The documentation on “writing a paragraph about” in the Activities chapter demonstrates this.

Picturesque effects: Sometimes when I’m going for a strong visual image, I want to structure my description to emphasize something other than the objects as objects: the lighting in the room, the sensation of clutter, an oppressive mood. The key here usually is to use a writing a paragraph rule to draw together descriptions of objects that might otherwise be described separately.

For instance, the example “Reflections” suggests a way to combine shiny objects into their own paragraph:

The radiant light of the fallen torch reflects in the surfaces of the reflecting ball and Aladdin’s lamp.

You can also see a piece of chalk, a plumbline, an abacus and a canopic jar here.

That’s as far as the example goes because it’s trying to demonstrate simply, but we could extend the idea to get rid of the “You can also see” line entirely, and replace it with a single cohesive paragraph:

The radiant light of the fallen torch reflects in the surfaces of the reflecting ball and Aladdin’s lamp. The rest of your equipment – the piece of chalk, the plumbline, the abacus and the canopic jar – is barely distinguishable against the surrounding shadow.

or, if there’s only one dull thing on the ground,

The radiant light of the fallen torch reflects in the surfaces of Aladdin’s lamp and the reflecting ball.
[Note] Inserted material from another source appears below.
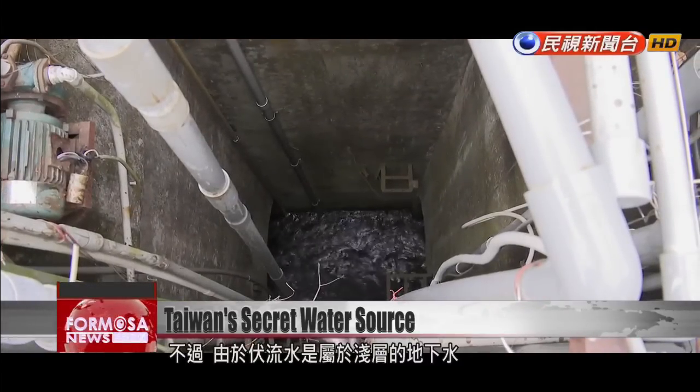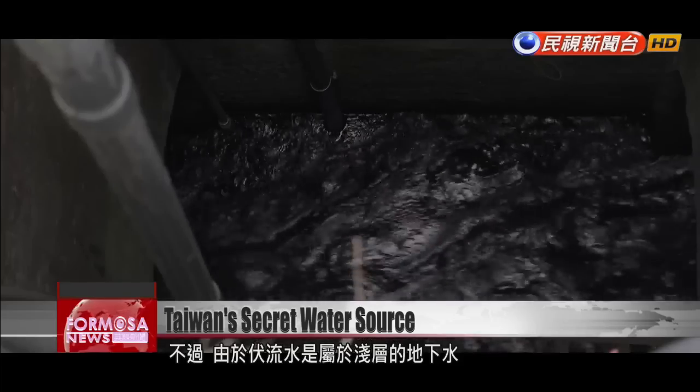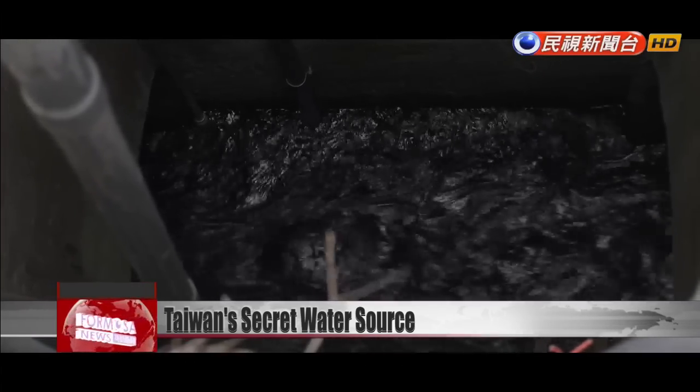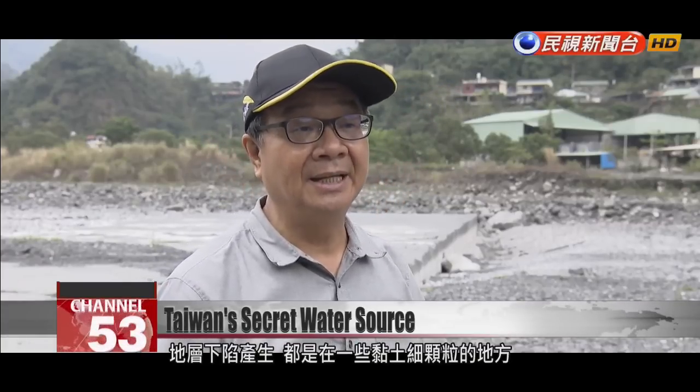But amid the push to build wells in subterranean streams, there are concerns that collecting underground water could cause sinkholes — concerns shared by academics as well as the public. When digging a well, test wells are sunk all around the site to observe changes in the water level so as to avoid creating sinkholes. Locations with more gravel layers are chosen for underground streams, as sinking won't occur there. Sinking usually happens in areas with smaller granules of clay.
The piece of chalk, by contrast, is barely distinguishable against the surrounding shadow.

We’d do that simply by extending our rule for writing a paragraph about a shiny thing to include the other, not-so-shiny things as well; once these are mentioned in the paragraph they will not appear again in the “You can see…” line.

Rhetorical and poetic effects

Good human-generated prose demonstrates a sense of musicality. It avoids repetition where repetition would be dull, but relies on parallel constructions for shape. It offers the reader natural places to pause. It changes tempo.

This kind of thing is very very hard to teach to a computer — it’s not always that easy to teach to humans — so what follows is just the set of things I’ve found worth doing and accessible.

Ordering for rhythm: ancient rhetoricians were interested in lists — how they were ordered for best effect, and how the elements in them were set off. A particular favorite was the tricolon crescendo, in which three items are named, each longer and more impressive than the last.

That particular flourish really only works if you know the list elements in advance, but some of the concept remains applicable even in generated prose. Clustering elements in pairs and trios rather than flat lists (“a mango and an orange, a plum and an apple and a brown Bosc pear, …”) can improve the rhythm of a long list and contribute to a sense of richness or abundance.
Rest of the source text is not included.